On Mon, Jul 29, 2013 at 10:03:35AM -0700, Eric W. Biederman wrote:
> So this is not a simple matter of a frozen task not dying when SIGKILL
> is received. For the most part not dying when SIGKILL is received seems
> like correct behavior for a frozne task. Certainly it is correct
> behavior for any other signal.
>
> The issue is that the tasks don't freeze or that when thawed the SIGKILL
> is still ignored. It seems a wake up is being missed in there somewhere.
That's actually interesting and shouldn't be happening. Can you
please provide more data as to what's going on while freezing? It's
likely that the problem is not caused by freezer per-se, the task
might be stuck elsewhere and just fails to reach the freezing point.
Would it be possible for memcg and freezer to deadlock? Note that
while freezing is in progress, some tasks will enter freezer earlier
than others (of course) and won't respond to anything. If memcg adds
wait dependency among the tasks being frozen, it'll surely deadlock.
> A single unified hierarchy is a really nasty idea for the same set of
> reasons.

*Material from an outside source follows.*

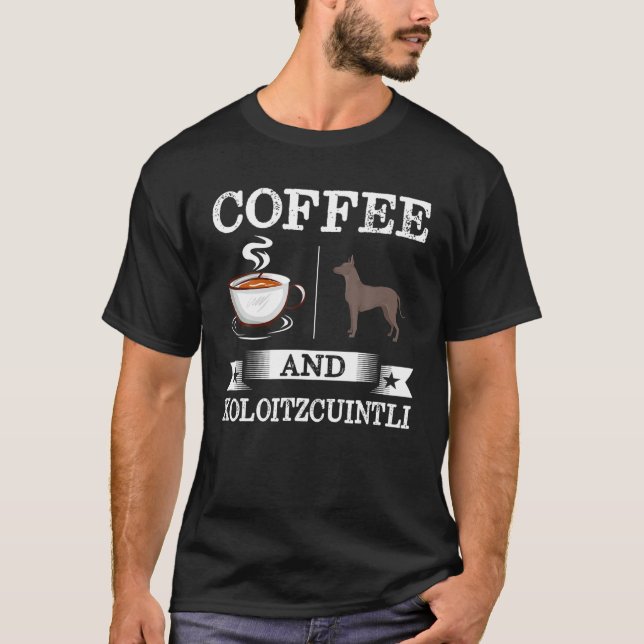 Camiseta Café Xoloitzcuintli Y Corte Xoloitzcuintli (Anverso)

You have to recompile to disable a controller to see if it that
> controller's bugs are what are causing problems on your production
> system. Compiles or even just a reboot is a very heavy hammer to ask
> people to use when they are triaging a problem.
For Nth time, unified hierarchy doesn't mean all controllers are
enabled on all hierarchies or that controllers can't be bound and
unbound dynamically. Except for the removal of orthogonal
hierarchies, things actually become a lot more dynamic.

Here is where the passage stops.